# Sensible Enthalpy vs Enthalpy (at standard reference states)

I am reading a book (Thermodynamics an Engineering approach), I am reading over the section of steady-flow systems with chemical reactions. The book just introduced the following formula for the enthalpy (per mole) of a component as:

$$\bar{H} = \bar{h_f^o} + (\bar{h} - \bar{h^o})$$

Where $$\bar{h_f^o}$$ is the standard enthalpy of formation at the reference state of 25 ºC and 1 atm, and $$\bar{h^o}$$ is the sensible enthalpy at the standard reference state of 25 ºC and 1 atm.

How are these two quantities different? In my book they give an example where they calculate the enthalpy for oxygen at 7 ºC, they express it as:

$$\ce{1 kmol O_2 \cdot (0 +\bar{h}_{280K} - \bar{h}_{298K} ) }$$ where $$\bar{h}_{280K}$$ = 8150 kJ/kmol

and $$\bar{h}_{298K}$$ = 8669 kJ/mol

I do not quite get how there is a non-zero enthalpy value for oxygen at standard temperature.

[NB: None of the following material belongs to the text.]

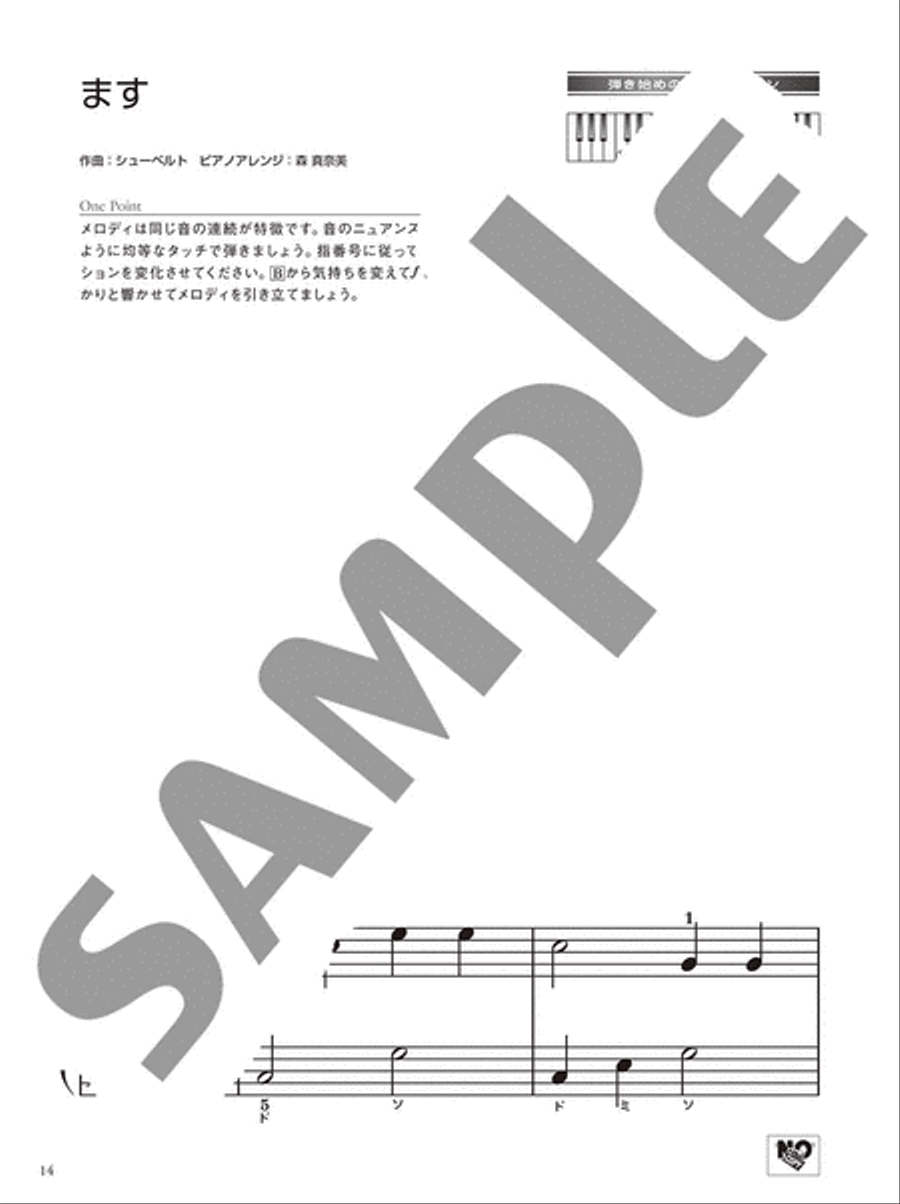 OTONA PIANO - Very Easy Classics arranged for Adult Students - Jesu, Joy of Man's Desiring, etc. Voice scores gallery preview page 4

Here is a screenshot of the book page that introduces this concept:

• The standard enthalpy =0 is for One atmosphere Fugacity. This is equal to the enthalpy of the actual gas extrapolated to zero pressure. The actual enthalpies include deviations from ideality and include intermolecular attractions. Chemists believe in the Ideal Gas Law; engineers know it is a figment Commented Jul 30 at 21:59
• Maybe the equation has a typo. Commented Jul 31 at 10:19
• @ChetMiller I could provide a screenshot of the page if that is helpful, they use this form of enthalpy to do calculations in the examples too, really throws me off.
– STOI
Commented Jul 31 at 15:56
• Just added the image guys, best regards.
– STOI
Commented Aug 1 at 22:14